The Corolla ZR Hybrid adds sporty tinsel over the mid-spec SX, but it’s the small things like the a contrast roof and suede seats that make all the difference
When Toyota launched the 12th-generation Corolla small car in August 2018, the ZR was considered quite steep at its $31,870 list price – but how quickly things change. With huge price hikes on rivals like the Volkswagen Golf (which went from $25,790 to $29,250 in base manual form) and Honda Civic ($23,790 entry to $47,200 driveway), the top-shelf Corolla ZR hybrid hatch now looks like a bargain, particularly given its frugal 4.2L/100km claimed fuel consumption.
On the subject of hybrids, the Corolla is still the only small car in Australia to offer a self-charging hybrid powertrain, though Honda has confirmed a 135kW 2.0-liter petrol-electric hybrid powertrain will be available in Australian Civics later this year. But for now, the Corolla remains peerless.
Our Corolla ZR’s sharp appearance – finished in silver pearl ($575) paint with contrasting black roof ($775) and machine-faced 18-inch alloy wheels – further bolsters this hatch’s driveway appeal.
The Corolla’s frugal hybrid powertrain and handsome looks proved prominent draw cards last year with the hatch and sedan recording the fourth best sales result of any vehicle in Australia (28,768), but in the first quarter of 2022 the Corolla slipped back to ninth spot behind its Hyundai i30 arch-rival in the sales charts.
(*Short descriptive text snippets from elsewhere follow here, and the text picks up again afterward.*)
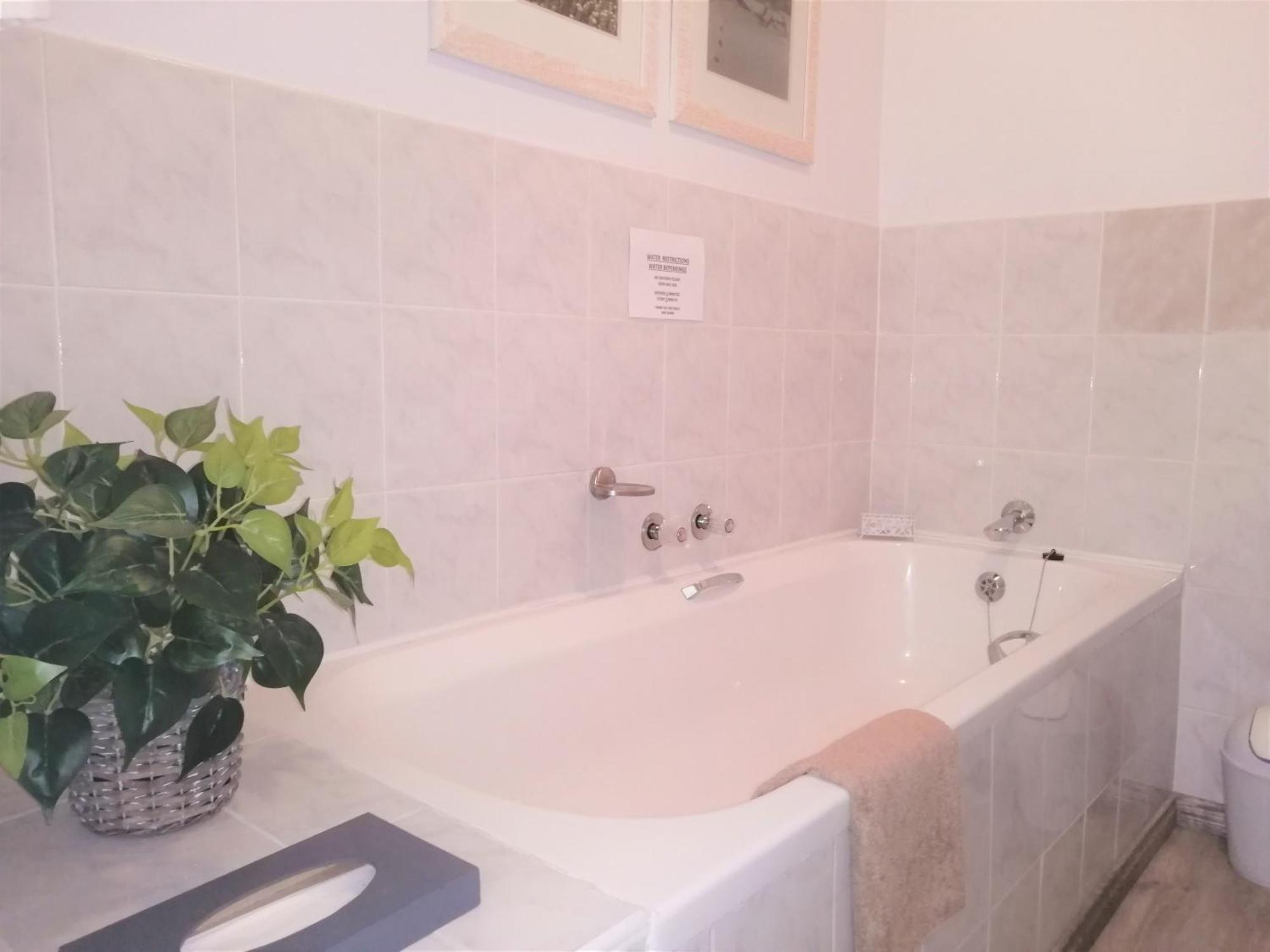Amzee Bokmakierie Guest House Dana Bay Zimmer foto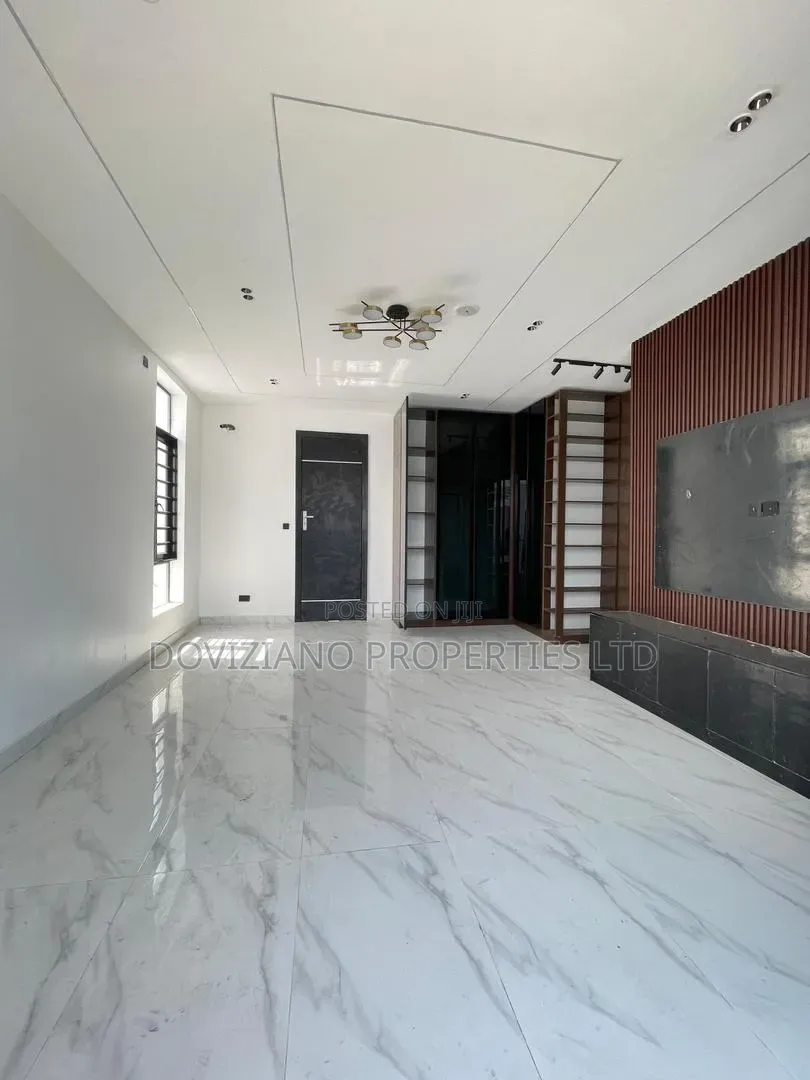 4bdrm Duplex in Chevron for sale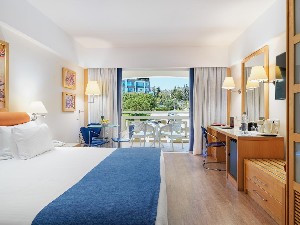 Hotel ST. RAPHAEL wakacje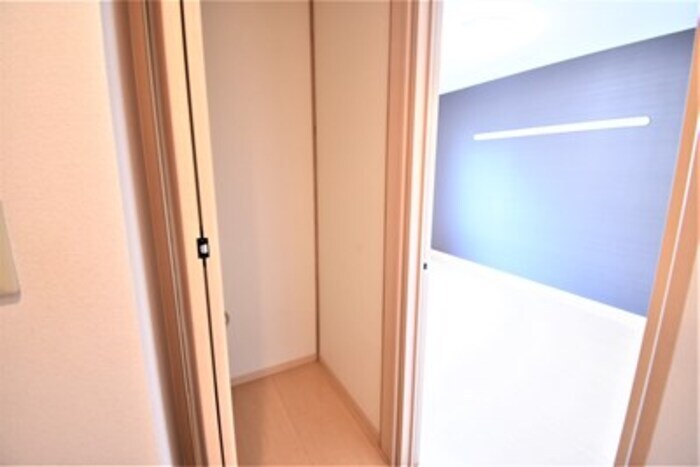 物件内観写真14　(物入)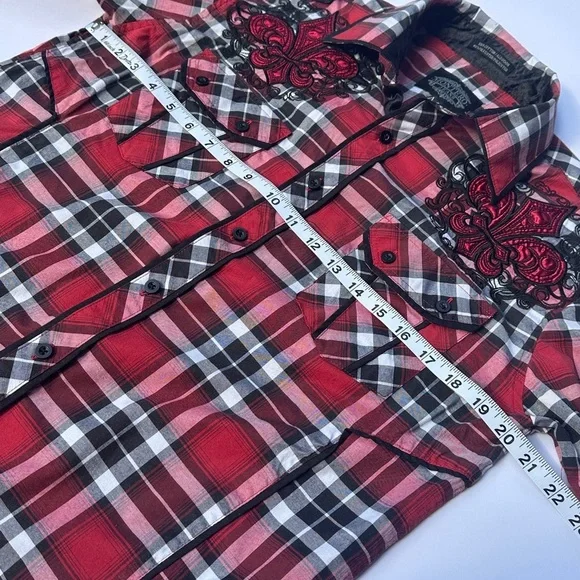 Men’s Montero Jeans Embroidered Shirt
Size Medium​​ - Picture 4 of 8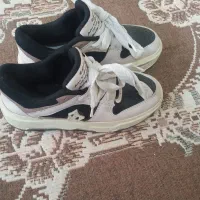 فروش یک جفت کفش شماره ۳۷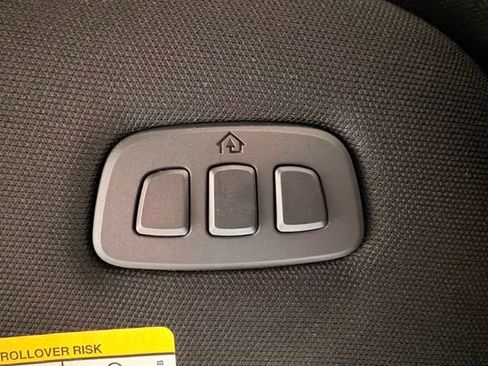 Used 2025 Ford F150 Lariat AWD/4WD image 52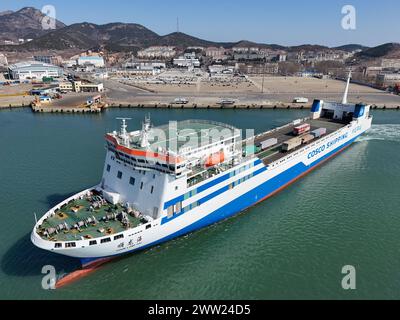 YANTAI, CHINE - 19 MARS 2024 - Un cargo transportant une élingue quitte le port de Yantai, dans la province du Shandong, Chine, le 19 mars 2024. Banque D'Images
Much of the Corolla’s sluggish results in 2022 are down to extended wait times – six months in some cases – but is there more to the story? Have rivals beaten the Corolla’s blend of practicality, frugality and durability?
The sheer refinement of a hybrid-powered Toyota strikes you as soon as you press the power button and hear … nothing. Without the usual din of a combustion engine firing into life, the only experience is listening to the whir of electric motors and a light hiss from the air conditioning.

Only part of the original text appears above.